With the SEC's proposed revisions to executive compensation disclosure, the press has been examining executive compensation issues closely in the past few months. In connection with the examination, there's a fair amount of misinformation about total executive compensation because of the way that companies must report stock options grants and the way that the press reports this form of compensation.
Companies must report the value of stock options grants to executives. When a company reports, it does so on the basis of all stock options granted that are unexercised. In other words, the company may be reporting 8, 9 or 10 years worth of options grants. Some portion of those options are vested options, but they may not have been exercised by the executive just yet.
When the press reports "annual" compensation, it often reports the total of base compensation, bonus compensation, and options grants. By reporting the options grants in a lump, the press is actually reporting a multi-year number rather than a single year's compensation. And then next year, when the press reports the same CEO's compensation again, 8 or 9 10ths of the same options compensation is reported again.
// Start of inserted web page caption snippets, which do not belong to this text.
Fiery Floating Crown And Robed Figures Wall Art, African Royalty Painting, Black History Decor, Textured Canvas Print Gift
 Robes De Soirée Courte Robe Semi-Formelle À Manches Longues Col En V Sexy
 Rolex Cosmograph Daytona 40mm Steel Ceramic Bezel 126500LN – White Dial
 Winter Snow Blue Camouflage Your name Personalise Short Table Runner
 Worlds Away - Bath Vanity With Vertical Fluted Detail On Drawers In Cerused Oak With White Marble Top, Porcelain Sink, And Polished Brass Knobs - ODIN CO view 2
To accurately reflect an executive's annual compensation, the options should be annualized, as well. So the press should report base compensation, bonus compensation, and an annualized options compensation figure. The press could report an annualized options compensation figure by simply using the Black-Scholes value of the current year's grant. Or they could look at the term of the options (usually 10 years). Then divide the total value of the executive's options by 10. Either way would be more accurate than the current approach which counts 10-years of options compensation every single year. Another alternative would be to require companies to report the value realized on options actually exercised by the executive during the preceding year.